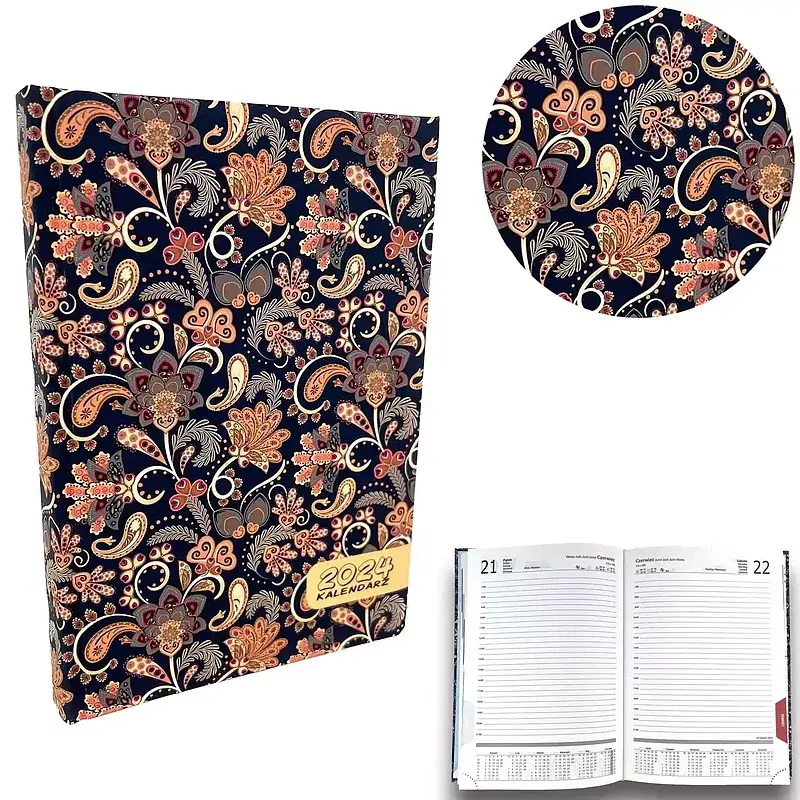 Kalendarz 2024 tygodniowy a5 dzienny soft touch paisley blue ev230012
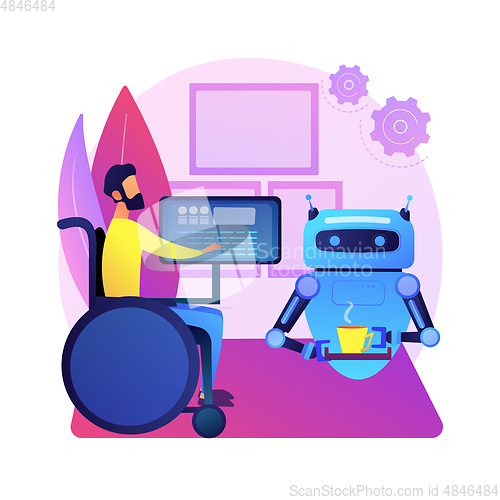 Image of Smart technology for persons with disabilities abstract concept vector illustration.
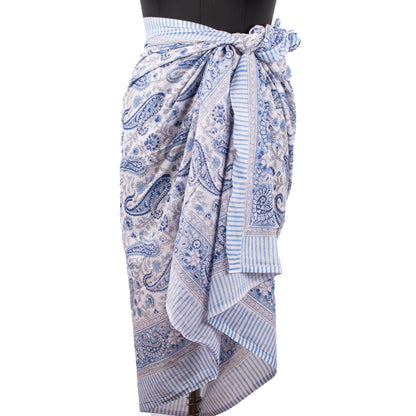 Lightweight Summer Scarf With Tolitary Bag, Printed Sarong And Makeup Bag Combo, Block Printed Gift Combo, Vanity Bag With Zipper Closure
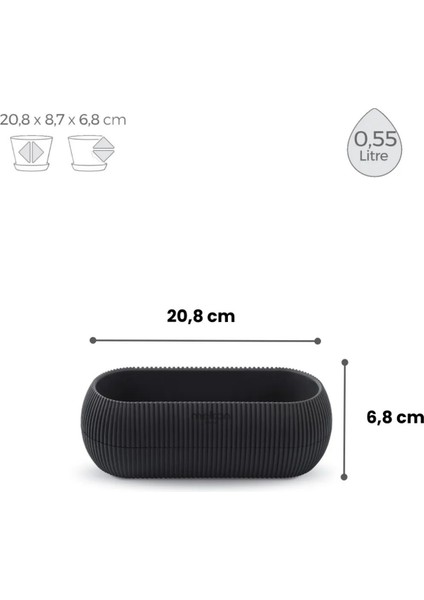 Modern Premium Mini Saksı 0,55L Kaktüs, Sukulent, Çiçek Saksısı Dekoratif Çizgi Desenli Uzun Saksı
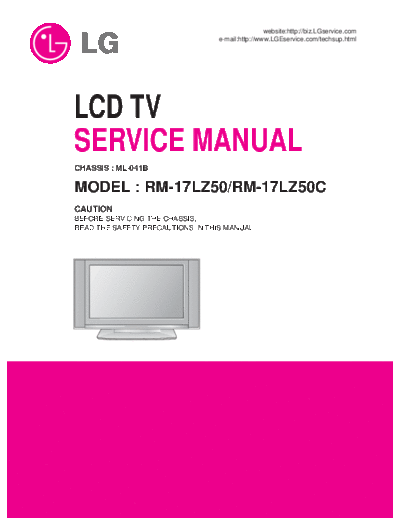 LG RU-17LZ50C LCD TV Service Manual  LG LCD LG_RU-17LZ50C_LCD_TV_Service_Manual.zip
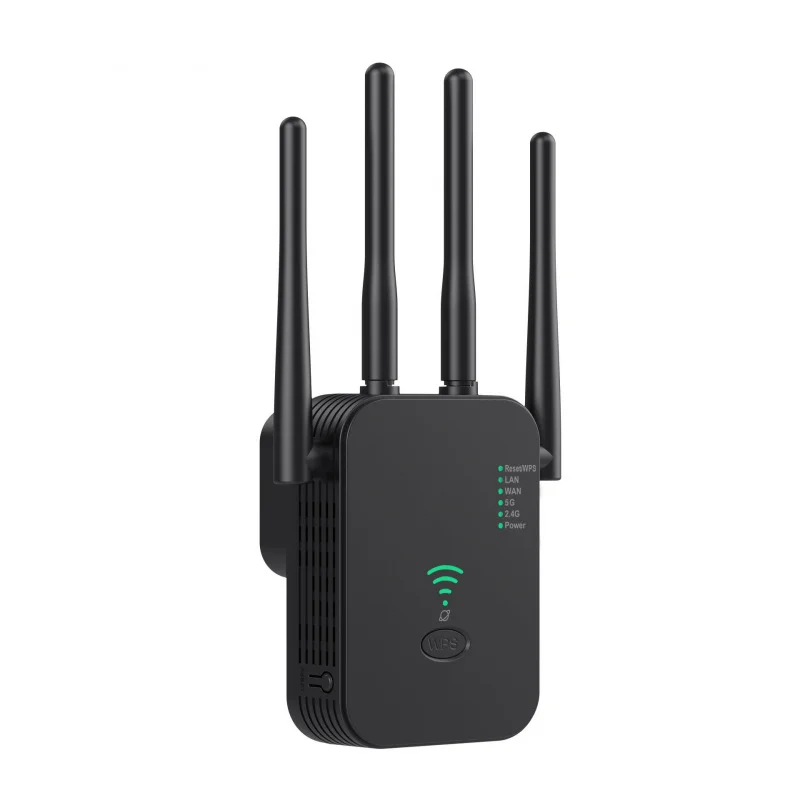 

1200M/300M WiFi Extender, Dual Band 5G/2.4G Signal Booster, 4 Antenna Repeater for Home Router, US/EU Plug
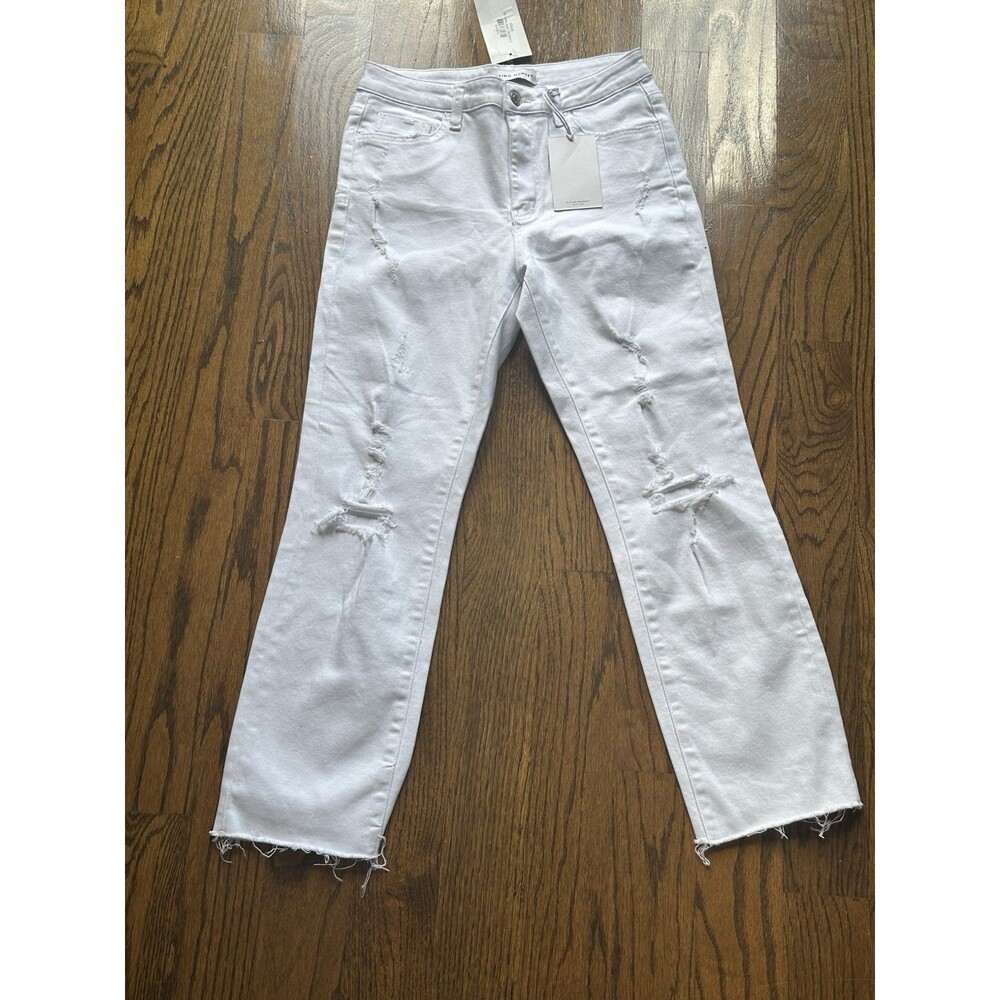 Flying Monkey White Distressed Straight Leg Jeans Raw Hem Ripped Denim NWT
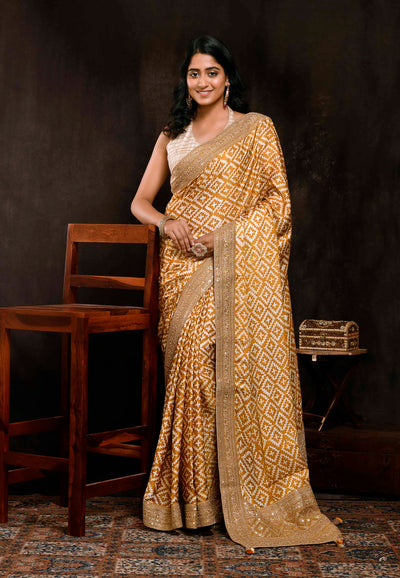 Golden Woven Design Printed Saree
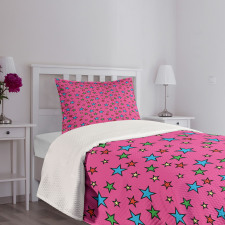 Hot Pink Retro Stars Bedspread Set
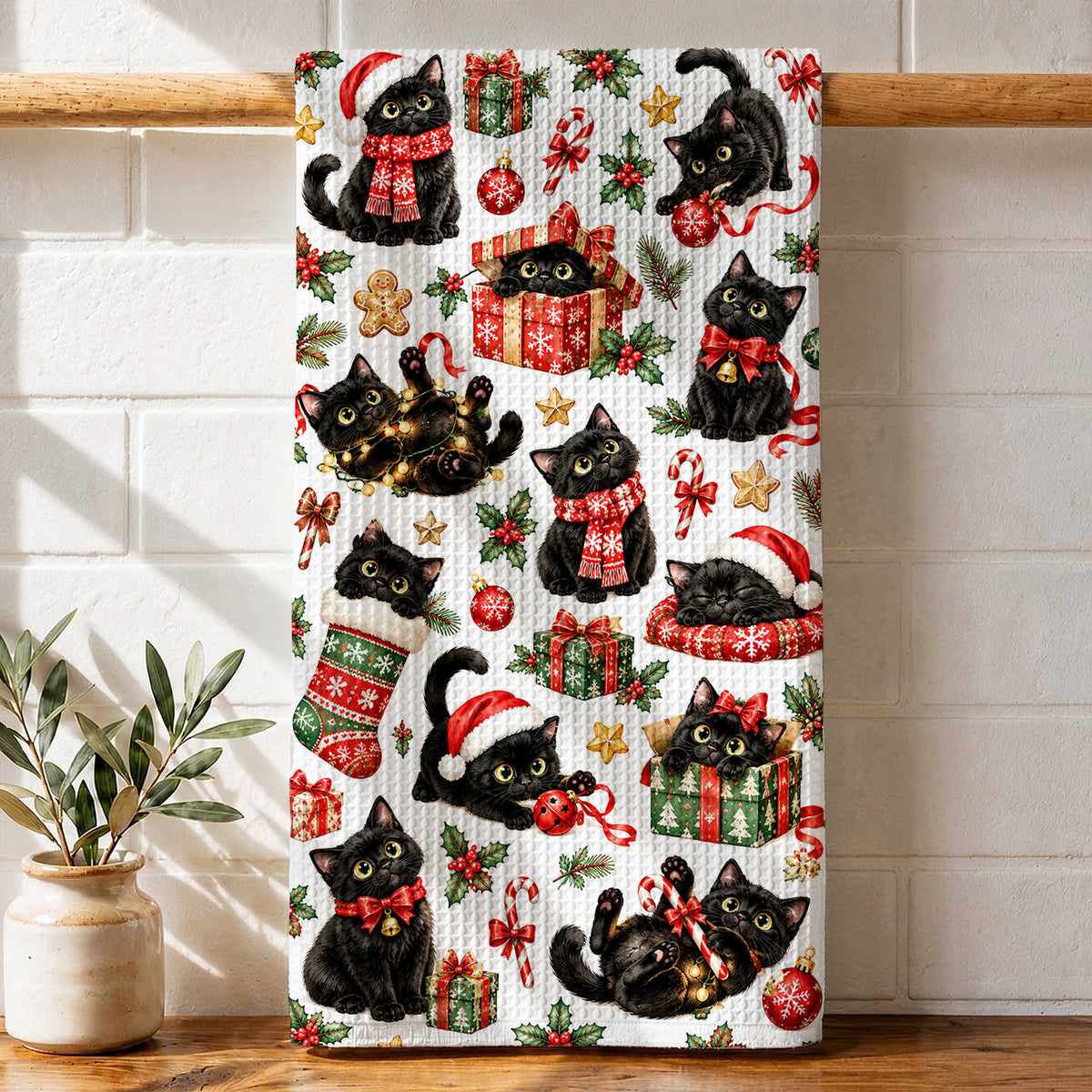 Cat Lover Kitchen Towel Merry Little Black Cats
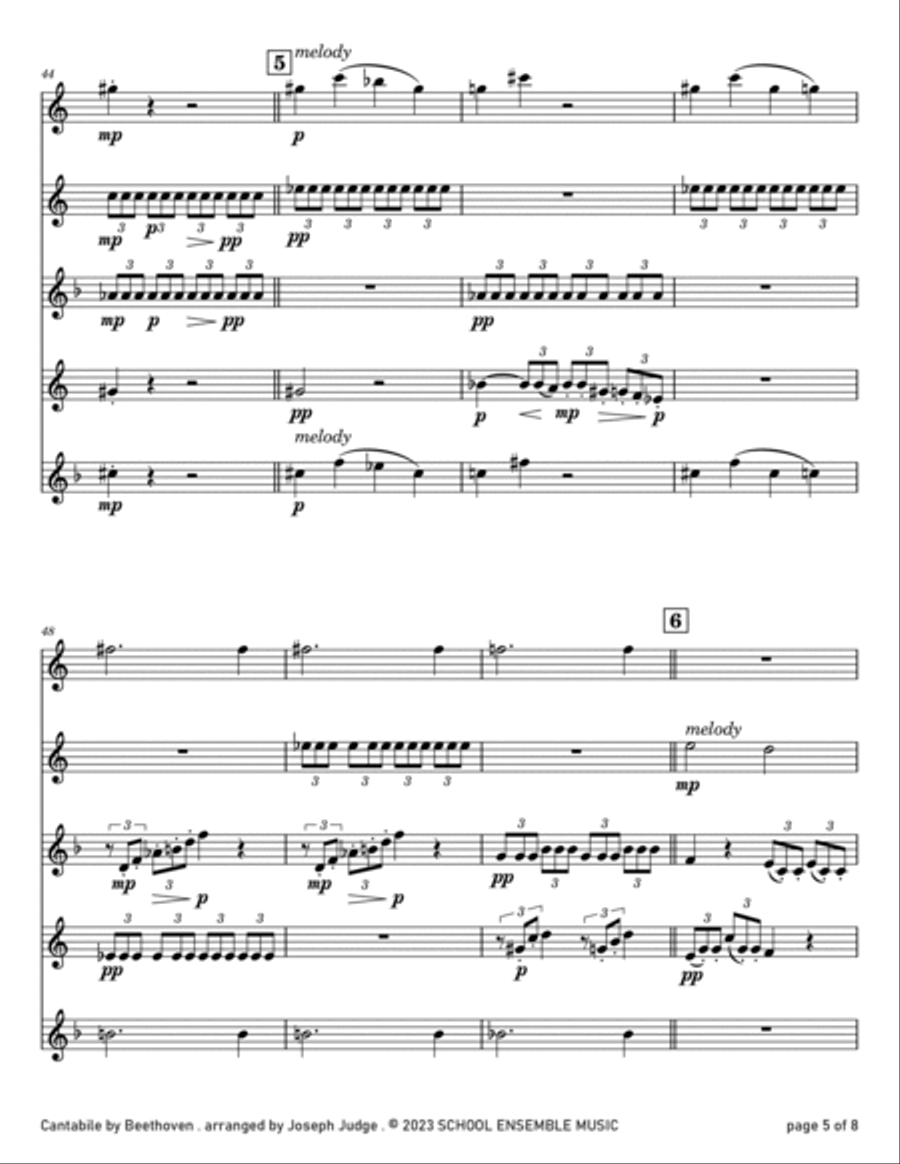 Cantabile by Beethoven for Saxophone Quartet in Schools Saxophone Quartet scores gallery preview page 5
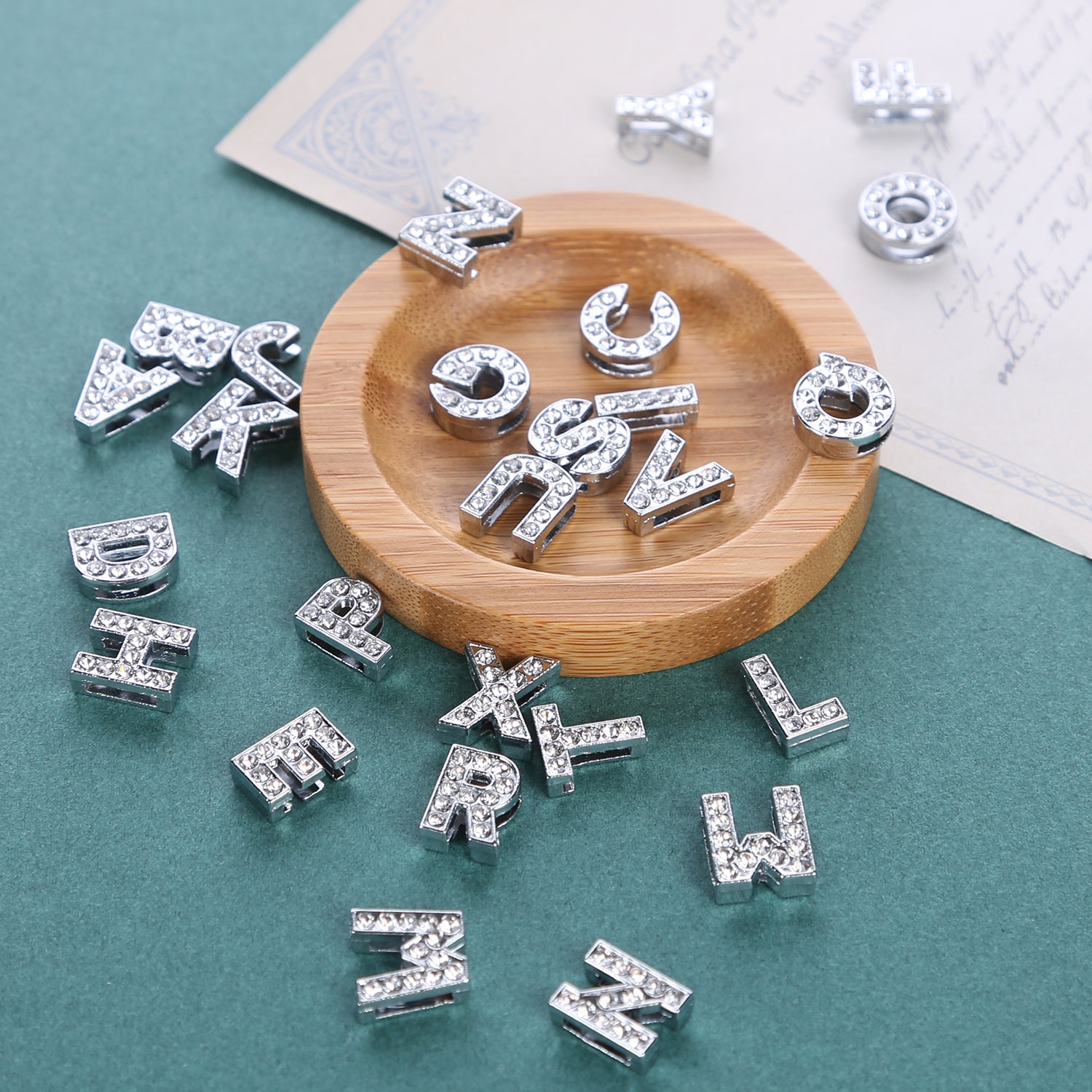 8mm silver Russian letters jewellery making materials slider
::::::::
__Work item__.
Please retype only the lines from the line that holds "Hot Pink Retro Stars Bedspread Set" through the end of the records, exactly as they stand, and drop every picture.

__Written answer__.
 Hot Pink Retro Stars Bedspread Set
 Cat Lover Kitchen Towel Merry Little Black Cats
 Cantabile by Beethoven for Saxophone Quartet in Schools Saxophone Quartet scores gallery preview page 5
 8mm silver Russian letters jewellery making materials slider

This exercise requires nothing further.